Kernel booting "fails" on a certain type of chassis we have in production use. It's got a forcedeth NIC on the board (two actually!); system is not responsive to sysrq combinations during its big pause, it's deadlocked in a loop for about seven hours after which it will boot perfectly normally. Our chassis is: http://www.supermicro.com/Aplus/system/1U/1011/AS-1011M-T2.cfm dmesg output from the driver: [ 35.309834] forcedeth.c: Reverse Engineered nForce ethernet driver. Version 0.60. [ 35.317568] ACPI: PCI Interrupt Link [LMAC] enabled at IRQ 23 [ 35.323305] ACPI: PCI Interrupt 0000:00:08.0[A] -> Link [LMAC] -> GSI 23 (level, low) -> IRQ 23 [ 35.332026] forcedeth: using HIGHDMA [ 35.335620] 0000:00:08.0: link timer on. [ 35.339537] 0000:00:08.0: mgmt unit is running. mac in use 40000000. Thanks :)

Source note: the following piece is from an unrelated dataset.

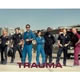 Trauma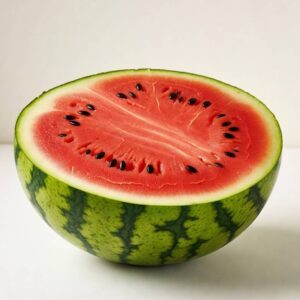 Watermelon - quickstora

Original downstream report: https://bugs.gentoo.org/show_bug.cgi?id=197561 There's a codepath in the forcedeth probe routines that can potentially delay boot up to 7 hours. Inside nv_probe: if (id->driver_data & DEV_HAS_MGMT_UNIT) { [...] for (i = 0; i < 5000; i++) { [...] if (nv_mgmt_acquire_sema(dev)) { So, nv_mgmt_acquire_sema() may be called 5000 times. Inside nv_mgmt_acquire_sema(): for (i = 0; i < 10; i++) { [...] msleep(500); } So, nv_mgmt_acquire_sema() may sleep for up to 5 seconds. 5 seconds * 5000 = almost 7 hours Alex's hardware hits this exact code path: nv_mgmt_acquire_sema() never manages to acquire the semaphore, so is called 5000 times, and boot is delayed. We tried disabling the loop, i.e. for (i = 0; i < 5000; i++) { becomes: for (i = 0; i < 0; i++) { In this case, the system boots as normal (no delay) and networking works fine.

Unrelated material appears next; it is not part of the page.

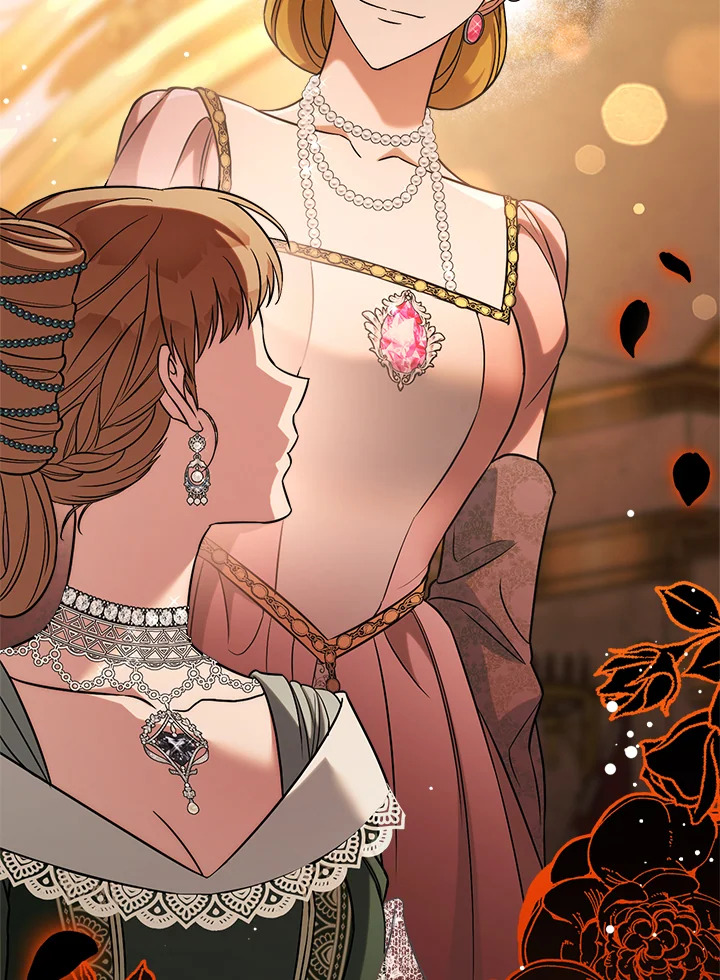 Marriage of Convenience 51 070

rofl. This looks pretty simple to fix.
I'm not sure I see the architectural purpose to the loop if after running 5000 times and delaying my boot by seven hours, it fails through anyway without even a warning *and* my network interface works fine .... :) Unfortunately a fix more complex than simply removing the loop is beyond me! Thus far I've not noticed any anomalous behaviour when the code within the loop isn't being run, but I've only been using it that way for 2-3 hours on <=4 boxes! I'm more than happy to tinker and test any patches you guys come up with.
Andrew, well, the question still remains, why did forcedeth on Alex's hardware fail to acquire this hardware-based semaphore even after 7 hours? I hope someone with more knowledge of the hardware can comment. But yes, I agree that even if Alex didn't have this system in this strange situation, it should be regarded as a bug anyway that we have a codepath that can take 7 hours. :)
Thanks for catching this. The IPMI firmware is holding the semaphore. This is most likely a bug in the firmware. You can try to upgrade the firmware by contacting Supermicro. But, from a driver point of view, yes, we need to reduce the timeout :) The extra outer loop is not needed.
Created attachment 13490 [details] This patch removes the outer loop in mgmt unit detection code.
Ayaz, will you push this to Linus? It's still not upstream AFAICS.
I just sent the patch to netdev and stable kernel list.